>>>

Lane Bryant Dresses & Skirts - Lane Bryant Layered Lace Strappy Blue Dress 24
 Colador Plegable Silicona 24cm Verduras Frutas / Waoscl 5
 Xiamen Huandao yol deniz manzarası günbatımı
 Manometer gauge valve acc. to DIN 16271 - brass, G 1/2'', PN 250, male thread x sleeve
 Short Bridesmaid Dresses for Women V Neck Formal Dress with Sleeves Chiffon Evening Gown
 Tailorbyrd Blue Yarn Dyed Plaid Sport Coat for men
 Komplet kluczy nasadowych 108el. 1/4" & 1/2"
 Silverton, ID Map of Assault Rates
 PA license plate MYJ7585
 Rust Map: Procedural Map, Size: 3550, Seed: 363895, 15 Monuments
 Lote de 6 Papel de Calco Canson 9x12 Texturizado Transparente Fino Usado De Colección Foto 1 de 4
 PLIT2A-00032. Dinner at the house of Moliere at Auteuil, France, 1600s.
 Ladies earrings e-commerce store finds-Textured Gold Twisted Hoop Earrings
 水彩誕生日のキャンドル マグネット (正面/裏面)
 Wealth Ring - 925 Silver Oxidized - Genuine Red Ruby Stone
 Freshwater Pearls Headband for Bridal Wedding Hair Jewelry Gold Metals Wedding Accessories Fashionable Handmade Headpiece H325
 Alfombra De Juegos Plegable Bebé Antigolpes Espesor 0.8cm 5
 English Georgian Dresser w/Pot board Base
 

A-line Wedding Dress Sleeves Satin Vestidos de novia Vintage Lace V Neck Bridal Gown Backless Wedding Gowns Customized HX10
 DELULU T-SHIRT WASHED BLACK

<<<

-- EXERCISE INSTRUCTIONS --
Whenever a line of the data includes the word "Bridal", show that line in full.

-- TASK OUTPUT --
 Freshwater Pearls Headband for Bridal Wedding Hair Jewelry Gold Metals Wedding Accessories Fashionable Handmade Headpiece H325
A-line Wedding Dress Sleeves Satin Vestidos de novia Vintage Lace V Neck Bridal Gown Backless Wedding Gowns Customized HX10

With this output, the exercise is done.